• YOUR OBJECTIVE:
Once you reach the line containing "Photo 12 of" in the data below, restate each line word for word up to and including the one containing "Antalya'da turist sayısı Nisan'da patladı".

[Stored data]
┄┄┄┄┄┄

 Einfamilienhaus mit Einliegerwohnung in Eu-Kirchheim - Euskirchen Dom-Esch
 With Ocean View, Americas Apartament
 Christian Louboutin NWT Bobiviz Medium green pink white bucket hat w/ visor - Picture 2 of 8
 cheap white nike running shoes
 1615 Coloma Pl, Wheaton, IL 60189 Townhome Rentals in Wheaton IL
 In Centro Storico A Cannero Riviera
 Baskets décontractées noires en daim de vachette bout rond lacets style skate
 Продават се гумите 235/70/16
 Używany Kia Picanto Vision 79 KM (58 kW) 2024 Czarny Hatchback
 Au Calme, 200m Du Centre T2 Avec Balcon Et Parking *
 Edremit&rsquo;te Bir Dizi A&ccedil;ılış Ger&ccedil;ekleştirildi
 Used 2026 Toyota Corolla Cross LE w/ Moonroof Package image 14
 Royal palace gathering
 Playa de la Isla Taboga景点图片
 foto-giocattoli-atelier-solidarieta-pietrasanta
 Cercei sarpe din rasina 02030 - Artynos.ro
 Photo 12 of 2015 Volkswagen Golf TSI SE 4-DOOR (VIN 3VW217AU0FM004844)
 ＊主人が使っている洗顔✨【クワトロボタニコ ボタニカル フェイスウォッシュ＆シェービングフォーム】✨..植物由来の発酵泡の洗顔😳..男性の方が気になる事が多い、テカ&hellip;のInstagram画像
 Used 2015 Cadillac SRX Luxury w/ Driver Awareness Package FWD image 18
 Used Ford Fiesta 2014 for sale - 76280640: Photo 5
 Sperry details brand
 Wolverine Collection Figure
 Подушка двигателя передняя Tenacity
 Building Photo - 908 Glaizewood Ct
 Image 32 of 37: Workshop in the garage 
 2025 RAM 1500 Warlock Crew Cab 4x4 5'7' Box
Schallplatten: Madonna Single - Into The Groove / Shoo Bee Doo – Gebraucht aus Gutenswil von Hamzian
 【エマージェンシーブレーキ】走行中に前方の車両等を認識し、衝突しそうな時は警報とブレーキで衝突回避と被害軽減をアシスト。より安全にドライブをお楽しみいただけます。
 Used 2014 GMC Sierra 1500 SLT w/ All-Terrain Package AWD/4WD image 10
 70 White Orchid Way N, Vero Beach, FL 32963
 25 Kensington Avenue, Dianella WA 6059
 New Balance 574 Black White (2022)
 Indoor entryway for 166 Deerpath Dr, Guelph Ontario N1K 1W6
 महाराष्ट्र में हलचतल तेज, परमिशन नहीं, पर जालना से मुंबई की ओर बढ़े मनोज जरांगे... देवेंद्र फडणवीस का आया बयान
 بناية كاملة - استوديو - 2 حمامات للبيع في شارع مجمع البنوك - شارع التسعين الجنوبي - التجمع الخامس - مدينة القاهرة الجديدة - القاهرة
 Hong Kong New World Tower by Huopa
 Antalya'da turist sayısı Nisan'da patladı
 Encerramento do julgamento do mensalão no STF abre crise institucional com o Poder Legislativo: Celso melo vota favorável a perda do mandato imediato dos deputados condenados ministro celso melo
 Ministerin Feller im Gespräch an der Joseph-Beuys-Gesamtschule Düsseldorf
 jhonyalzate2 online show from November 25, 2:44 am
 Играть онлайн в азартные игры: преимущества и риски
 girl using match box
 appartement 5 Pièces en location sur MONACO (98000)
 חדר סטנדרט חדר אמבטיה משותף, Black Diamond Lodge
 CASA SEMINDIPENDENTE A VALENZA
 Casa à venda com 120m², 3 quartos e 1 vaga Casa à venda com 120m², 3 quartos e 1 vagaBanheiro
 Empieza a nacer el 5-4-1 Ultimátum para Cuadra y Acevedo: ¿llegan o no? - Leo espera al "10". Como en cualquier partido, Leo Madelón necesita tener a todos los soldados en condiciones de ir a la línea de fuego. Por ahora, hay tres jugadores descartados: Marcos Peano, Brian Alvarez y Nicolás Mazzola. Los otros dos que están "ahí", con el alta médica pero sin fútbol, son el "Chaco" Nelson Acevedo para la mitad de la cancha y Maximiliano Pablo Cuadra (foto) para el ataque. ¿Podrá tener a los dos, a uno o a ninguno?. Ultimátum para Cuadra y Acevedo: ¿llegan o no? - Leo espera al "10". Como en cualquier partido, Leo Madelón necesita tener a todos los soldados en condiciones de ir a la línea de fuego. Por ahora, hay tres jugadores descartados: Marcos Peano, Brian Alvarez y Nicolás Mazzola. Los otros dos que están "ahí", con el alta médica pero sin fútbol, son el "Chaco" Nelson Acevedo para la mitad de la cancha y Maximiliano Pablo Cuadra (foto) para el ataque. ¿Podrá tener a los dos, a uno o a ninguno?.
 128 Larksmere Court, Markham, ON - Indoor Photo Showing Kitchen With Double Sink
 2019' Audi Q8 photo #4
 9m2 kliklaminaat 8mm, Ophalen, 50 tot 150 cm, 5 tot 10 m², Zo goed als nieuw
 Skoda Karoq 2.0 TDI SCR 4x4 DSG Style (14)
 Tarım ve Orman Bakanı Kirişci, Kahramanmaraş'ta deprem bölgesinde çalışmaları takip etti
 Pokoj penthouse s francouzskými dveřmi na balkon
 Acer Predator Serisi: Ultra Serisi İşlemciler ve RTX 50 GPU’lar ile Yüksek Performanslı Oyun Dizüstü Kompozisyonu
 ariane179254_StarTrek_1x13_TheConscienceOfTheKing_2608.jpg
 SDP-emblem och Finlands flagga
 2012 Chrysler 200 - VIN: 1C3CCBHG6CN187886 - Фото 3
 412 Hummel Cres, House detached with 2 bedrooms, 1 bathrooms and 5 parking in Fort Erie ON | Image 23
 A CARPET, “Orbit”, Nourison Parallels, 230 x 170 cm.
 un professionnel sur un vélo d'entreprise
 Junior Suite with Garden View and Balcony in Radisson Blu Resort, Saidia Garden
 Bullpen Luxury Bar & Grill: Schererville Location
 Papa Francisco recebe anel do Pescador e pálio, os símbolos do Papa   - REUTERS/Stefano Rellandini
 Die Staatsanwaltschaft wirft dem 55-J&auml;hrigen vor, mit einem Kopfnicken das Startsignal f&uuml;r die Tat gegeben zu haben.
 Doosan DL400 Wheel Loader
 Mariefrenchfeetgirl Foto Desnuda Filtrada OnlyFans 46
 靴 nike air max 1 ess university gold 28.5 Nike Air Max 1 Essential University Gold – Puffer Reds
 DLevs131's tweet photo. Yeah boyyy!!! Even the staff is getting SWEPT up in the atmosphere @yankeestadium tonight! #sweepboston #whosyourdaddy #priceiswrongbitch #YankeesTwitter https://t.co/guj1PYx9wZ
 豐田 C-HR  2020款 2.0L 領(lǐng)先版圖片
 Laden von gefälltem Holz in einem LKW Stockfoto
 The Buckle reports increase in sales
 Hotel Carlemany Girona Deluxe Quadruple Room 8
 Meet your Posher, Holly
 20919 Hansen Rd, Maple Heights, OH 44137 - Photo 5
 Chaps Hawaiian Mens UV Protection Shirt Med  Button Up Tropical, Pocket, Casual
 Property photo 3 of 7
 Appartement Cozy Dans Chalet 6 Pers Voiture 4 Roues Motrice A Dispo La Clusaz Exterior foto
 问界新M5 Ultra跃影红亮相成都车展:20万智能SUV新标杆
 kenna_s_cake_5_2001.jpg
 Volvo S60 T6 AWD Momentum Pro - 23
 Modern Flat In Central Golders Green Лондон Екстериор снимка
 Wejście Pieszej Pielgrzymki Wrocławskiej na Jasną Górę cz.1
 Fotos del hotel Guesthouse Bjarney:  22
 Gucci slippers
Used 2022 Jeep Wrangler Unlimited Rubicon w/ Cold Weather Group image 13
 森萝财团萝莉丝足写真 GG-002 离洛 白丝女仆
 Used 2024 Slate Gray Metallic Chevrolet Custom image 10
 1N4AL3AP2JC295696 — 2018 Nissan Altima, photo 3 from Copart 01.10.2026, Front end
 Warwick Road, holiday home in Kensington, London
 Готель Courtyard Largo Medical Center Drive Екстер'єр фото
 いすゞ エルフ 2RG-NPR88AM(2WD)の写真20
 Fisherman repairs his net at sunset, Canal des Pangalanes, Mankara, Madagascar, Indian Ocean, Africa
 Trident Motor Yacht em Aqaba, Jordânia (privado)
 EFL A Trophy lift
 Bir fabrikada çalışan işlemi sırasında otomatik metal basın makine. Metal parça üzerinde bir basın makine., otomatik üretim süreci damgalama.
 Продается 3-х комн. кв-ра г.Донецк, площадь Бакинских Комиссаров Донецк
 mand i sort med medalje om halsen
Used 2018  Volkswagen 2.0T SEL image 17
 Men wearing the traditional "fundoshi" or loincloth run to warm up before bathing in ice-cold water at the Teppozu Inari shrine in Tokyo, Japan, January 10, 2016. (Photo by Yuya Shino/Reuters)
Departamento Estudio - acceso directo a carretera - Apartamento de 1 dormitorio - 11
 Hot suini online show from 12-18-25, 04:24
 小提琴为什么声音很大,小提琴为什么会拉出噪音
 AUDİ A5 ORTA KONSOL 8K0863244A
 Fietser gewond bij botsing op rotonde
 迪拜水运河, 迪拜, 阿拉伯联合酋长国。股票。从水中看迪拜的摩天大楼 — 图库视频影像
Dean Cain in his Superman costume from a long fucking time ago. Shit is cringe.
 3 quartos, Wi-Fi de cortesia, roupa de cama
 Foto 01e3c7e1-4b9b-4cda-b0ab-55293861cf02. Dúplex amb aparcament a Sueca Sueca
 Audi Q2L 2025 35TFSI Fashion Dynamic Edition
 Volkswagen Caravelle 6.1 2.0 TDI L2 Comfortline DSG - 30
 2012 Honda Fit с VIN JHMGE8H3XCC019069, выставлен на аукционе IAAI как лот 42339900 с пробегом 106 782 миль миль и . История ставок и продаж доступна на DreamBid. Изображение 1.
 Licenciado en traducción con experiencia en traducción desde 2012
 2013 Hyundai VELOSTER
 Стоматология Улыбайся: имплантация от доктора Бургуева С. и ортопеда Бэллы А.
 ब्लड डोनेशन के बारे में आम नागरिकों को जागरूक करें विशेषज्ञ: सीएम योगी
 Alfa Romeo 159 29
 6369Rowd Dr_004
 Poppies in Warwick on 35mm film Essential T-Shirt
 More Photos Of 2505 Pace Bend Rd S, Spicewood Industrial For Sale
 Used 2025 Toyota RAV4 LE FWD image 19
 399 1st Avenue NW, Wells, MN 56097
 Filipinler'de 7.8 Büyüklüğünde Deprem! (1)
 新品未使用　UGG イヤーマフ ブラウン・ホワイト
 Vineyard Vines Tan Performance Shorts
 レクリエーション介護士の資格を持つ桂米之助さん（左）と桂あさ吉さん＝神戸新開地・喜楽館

┄┄┄┄┄┄

• SOLUTION BELOW:
 Photo 12 of 2015 Volkswagen Golf TSI SE 4-DOOR (VIN 3VW217AU0FM004844)
 ＊主人が使っている洗顔✨【クワトロボタニコ ボタニカル フェイスウォッシュ＆シェービングフォーム】✨..植物由来の発酵泡の洗顔😳..男性の方が気になる事が多い、テカ&hellip;のInstagram画像
 Used 2015 Cadillac SRX Luxury w/ Driver Awareness Package FWD image 18
 Used Ford Fiesta 2014 for sale - 76280640: Photo 5
 Sperry details brand
 Wolverine Collection Figure
 Подушка двигателя передняя Tenacity
 Building Photo - 908 Glaizewood Ct
 Image 32 of 37: Workshop in the garage 
 2025 RAM 1500 Warlock Crew Cab 4x4 5'7' Box
Schallplatten: Madonna Single - Into The Groove / Shoo Bee Doo – Gebraucht aus Gutenswil von Hamzian
 【エマージェンシーブレーキ】走行中に前方の車両等を認識し、衝突しそうな時は警報とブレーキで衝突回避と被害軽減をアシスト。より安全にドライブをお楽しみいただけます。
 Used 2014 GMC Sierra 1500 SLT w/ All-Terrain Package AWD/4WD image 10
 70 White Orchid Way N, Vero Beach, FL 32963
 25 Kensington Avenue, Dianella WA 6059
 New Balance 574 Black White (2022)
 Indoor entryway for 166 Deerpath Dr, Guelph Ontario N1K 1W6
 महाराष्ट्र में हलचतल तेज, परमिशन नहीं, पर जालना से मुंबई की ओर बढ़े मनोज जरांगे... देवेंद्र फडणवीस का आया बयान
 بناية كاملة - استوديو - 2 حمامات للبيع في شارع مجمع البنوك - شارع التسعين الجنوبي - التجمع الخامس - مدينة القاهرة الجديدة - القاهرة
 Hong Kong New World Tower by Huopa
 Antalya'da turist sayısı Nisan'da patladı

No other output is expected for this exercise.